Irrespective of the industry you are aiming for, getting an interview will involve networking. I firmly believe that the networking process is a strong indicator of whether you are the right ‘fit’ for the industry and the company. I am of the opinion that you don’t always need to do things that come organically to you, however, gauging the lack of natural fit was important for molding my projection. During the networking process, my writing skills improved, and I gained the confidence to reach out to anyone. I was surprised by how many accomplished C-suite level managers opened up their calendars for me. Interestingly, the networking process didn’t just open up professional doors, it helped me gain insight into the process by which people make a decision. It is not often that you’d hear the director of a large-scale global tech company share why she decided to join a start-up after school and how that role was pure serendipity. Viewing networking as a way to explore what I can achieve with my MBA degree, determination, and ability have helped me enjoy this once alien process.

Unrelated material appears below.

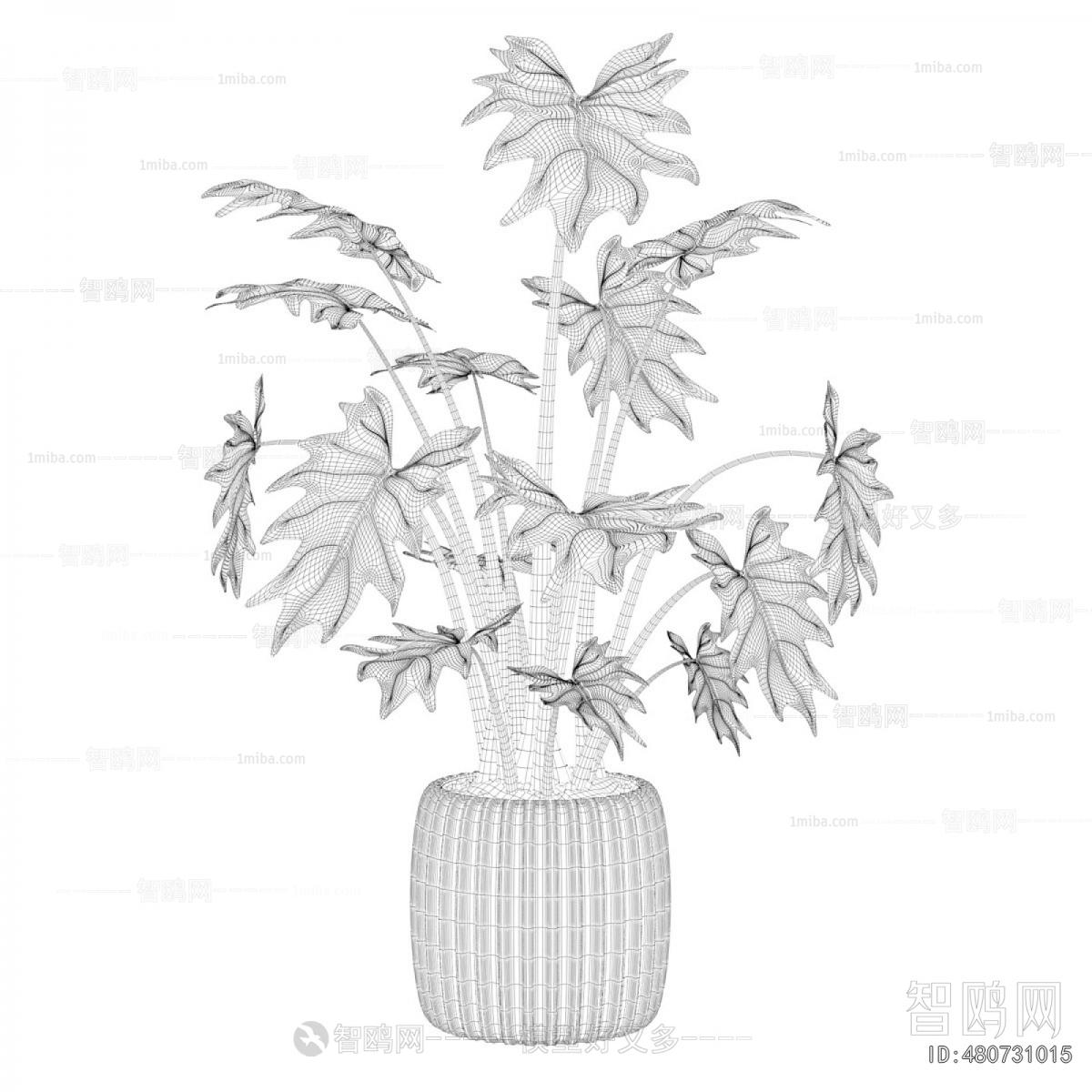 Modern Potted Green Plant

The second step of interviewing is the preparation that shifts depending on the industry. Case Prep is the most common methodology and it is a great way of learning how to not boil the ocean to solve a problem. I believe the innumerable times I have reminded myself to focus on the goal of the case has instilled in me the habit of asking that same question for most other activities.

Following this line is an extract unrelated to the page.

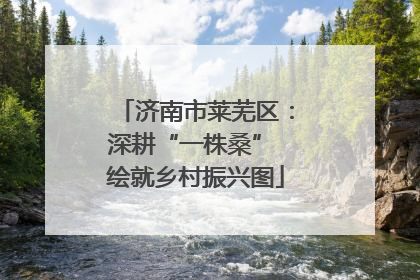 济南市莱芜区：深耕“一株桑” 绘就乡村振兴图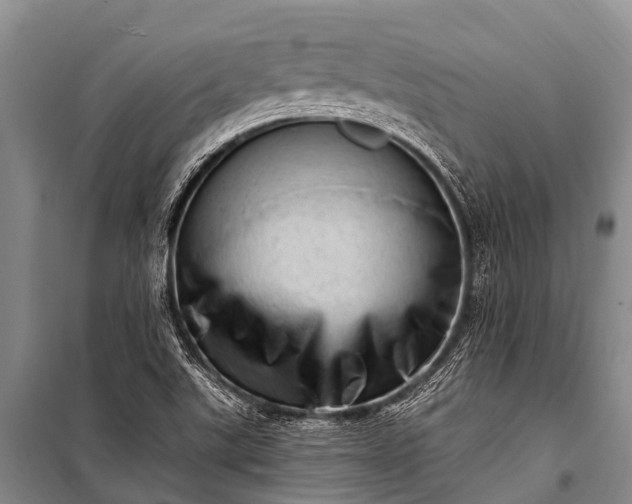 X0000100961507200807011320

I personally enjoyed working on an assignment by Duolingo in preparation for their product manager role. For an individual who hasn’t worked on a tech product, recommending a product feature (with user stories, wireframes, specifications, edge-cases, feature conflicts, A/B testing) was the most exciting learning experience. I didn’t get the job, but I took back so much about the function and the product in just two weeks. Similarly, while preparing a deliverable for a fin-tech company during the interview process, I learned about the what, how and why of a credit score, the credit reporting platforms, and that I, as an education sector professional, should not write myself off from any sector.
I sincerely urge the incoming students to view the interview process as an opportunity to test a hypothesis, rather than a burdensome process that needs to ‘get done.’
Experiential Learning Opportunities
This broad term encompasses offerings such as Tuck’s OnSite Global Consulting course, venture incubators, fellowships, and more. I personally leveraged the consulting projects, with companies inside and outside America, and learned a ton about what excites me. For my consulting project with a clothing brand client, I learned that I absolutely wouldn’t be energized as a leader in the clothing retail industry. While conducting a competitive analysis, I realized that there is little to no difference between the clothing brands in their pull and push strategy, product, and pricing. This leads to the industry being fragmented with no real barrier to entry.
Additionally, I also had the opportunity to travel to Honduras to ascertain whether Pap smear testing can be adopted by the textile industry for their women employees. In this case, even though I didn’t know anything about the health sector, I learned that I can be curious if I find the project having a positive societal impact. Voila!
Even though I don’t have a strong impact to boast about from these short-term projects, I believe these experiences have helped me ascertain the different pieces of my professional work that could excite me.
Conversations with Classmates
Another obvious and quick way to eliminate a few hypotheses is by having conversations with your classmates who have prior work experience in the industries of interest. Personally, I believe this requires the most effort as you’d need to have a good sample size of 30-min conversations to derive an understanding of your fit.
The only thing I’d like to point out here is that picking courses drastically outside my area of interest helped me explore topics I wouldn’t have personally spent time on. The most significant one was a course with a venture capital partner that made us go through multiple due diligence interviews, partner meetings, investment memos, term sheets, and cap tables. While conducting due diligence with entrepreneurs, I realized that I was yearning to be on the other side of the table. One day, I really hope to own an idea, share my motivation, and take pride in my team and the progress we’ve achieved together rather than creating an impact through investing.
I am extremely glad to have had the opportunity of working in a public technology company after coming from a non-tech, five-member start-up team. I personally accepted the hypothesis that I’d enjoy working in the tech industry without a technical background and also learned that I’d rather get into the weeds of building something than play with words to market it.
As I write this, I am unsure how my next six months are going to shape out. However, I am almost certain that my life is only going to move forward with the plethora of hypotheses Tuck has helped me explore.